La société serait beaucoup plus sensible qu'il y a quelques années et des insultes raciales, par exemple, seraient signalées beaucoup plus rapidement. En 2022, le CET a également analysé les offres d'emploi pour détecter d'éventuelles discriminations, explique sa directrice, Nathalie Morgenthaler:
"En 2022, nous avons découvert 79 publicités discriminatoires, pour lesquelles nous avons sensibilisé les employeurs à mieux faire attention à leurs formulations à l'avenir. Dans 77 cas, l'annonce n'était écrite que pour un genre, par exemple, c'était une secrétaire ou un mécanicien qui était recherché, dans une annonce l'âge et le genre étaient inclus, dans une autre annonce encore l'âge était spécifié, ce qui est également interdit."

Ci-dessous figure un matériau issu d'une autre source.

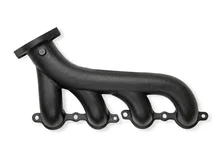 LS Swap Exhaust Manifolds - Black Ceramic Finish image 5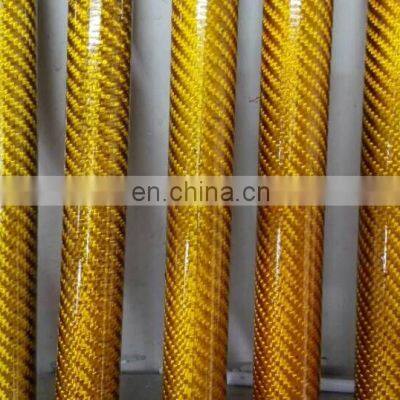 Carbon Fibre Tube Carbon Fiber Pole 3K Carbon Fiber Tube photo-3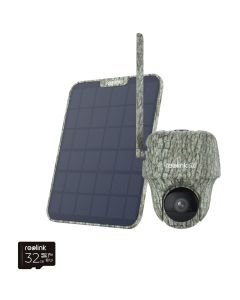 Reolink GO Ranger G450 + Solar Panel 2, 4G LTE  безж.IP камера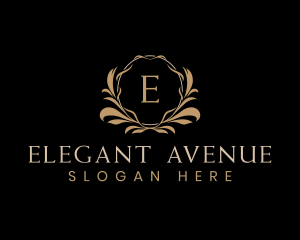 Elegant Luxury Ornamental logo design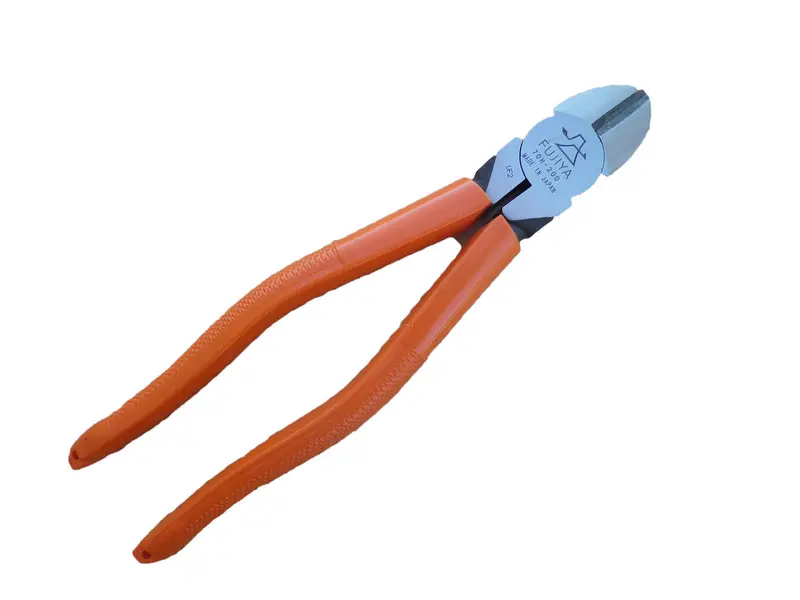Diagonal Side Cutter Pliers Fujiya 70H-200 1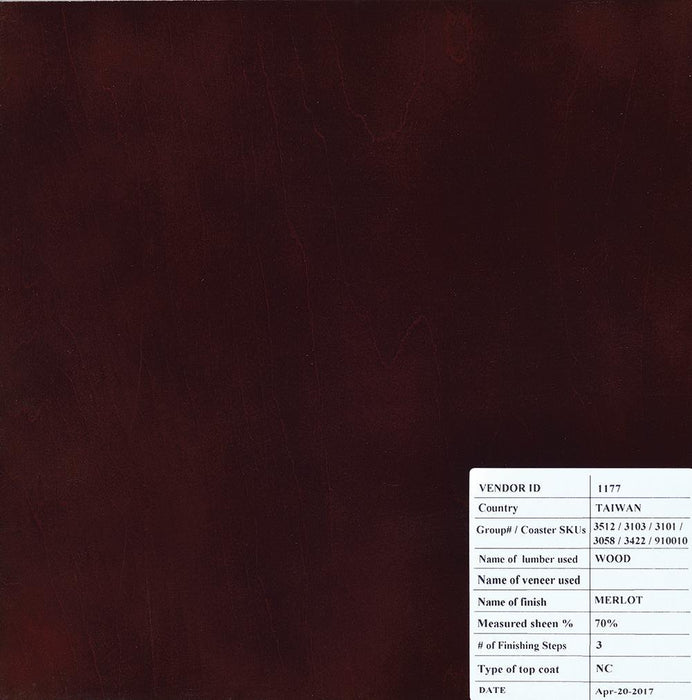 Riona 2-tier Coat Rack Merlot - Home Discount Furniture - NJ-linden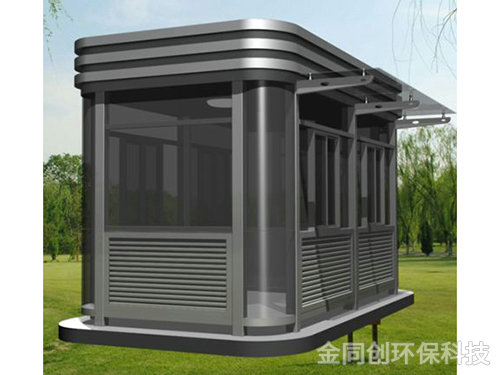 氟碳噴漆崗亭20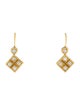 Earrings Leslie Greene 18K Diamond Drop Earrings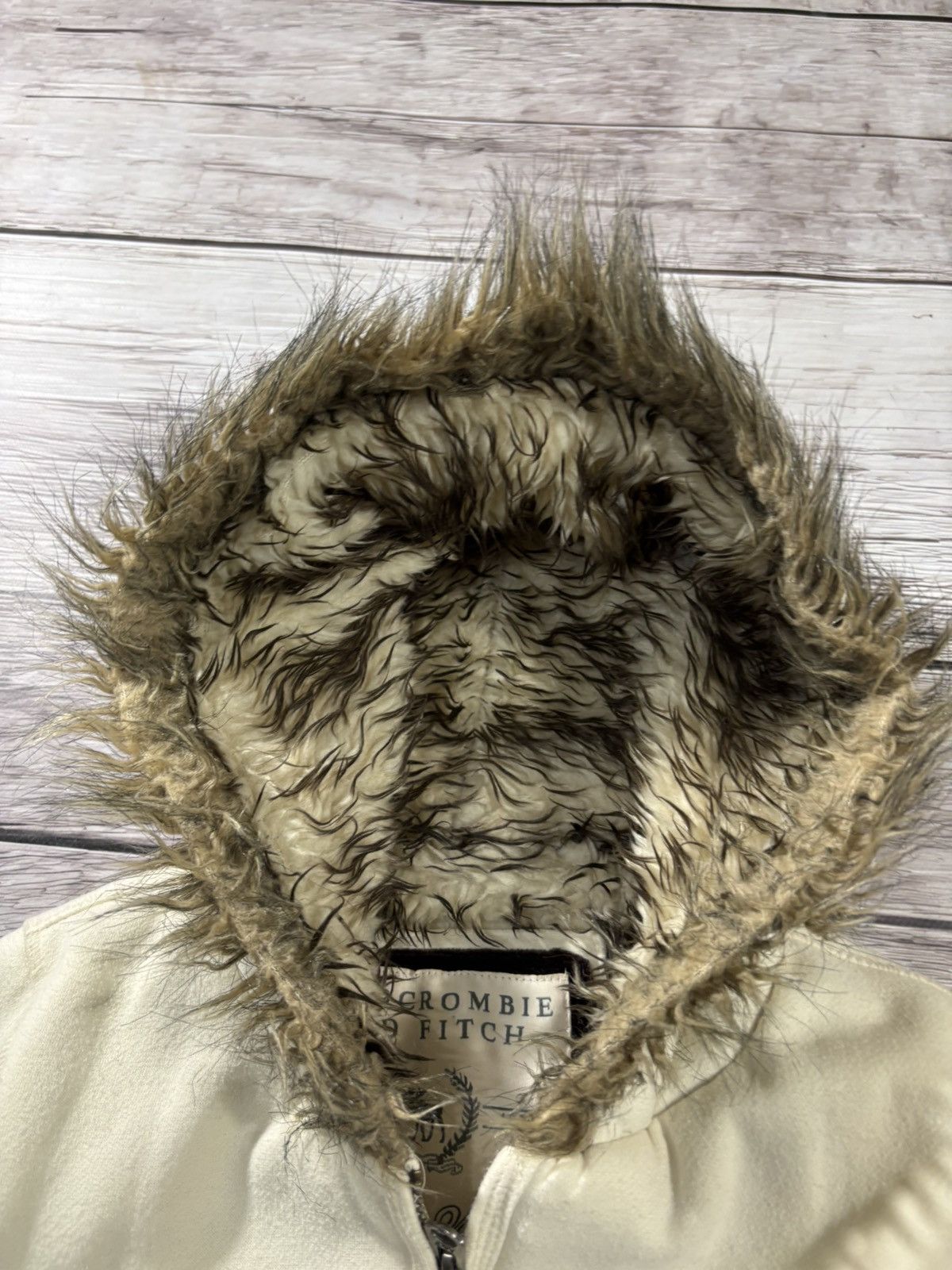 Hysteric Glamour × If Six Was Nine VINTAGE Y2K AVANT GARDE IF SIX WAS NINE STYLE FUR HOODIE Size US S / EU 44-46 / 1 - 3 Thumbnail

La marge de manoeuvre du CET serait relativement limitée, c'est pourquoi il exigerait depuis un moment déjà plus de moyens de pression grâce à une nouvelle loi. Nathalie Morgenthaler souligne avoir quelques revendications claires:
"Il y a de nouveaux motifs de discrimination. Certains qui figurent déjà dans notre Code pénal mais aussi certains qui sont recommandés par d'autres institutions européennes. Par exemple: la nationalité, la couleur de peau, l'identité de genre, l'expression de genre, ou les caractéristiques sexuelles, la situation familiale, l'état de santé, les idées politiques ou philosophiques, les activités syndicales et la situation socio-économique."
Il reste à attendre ce que diront la Commission parlementaire concernée et le Conseil d'Etat du texte législatif.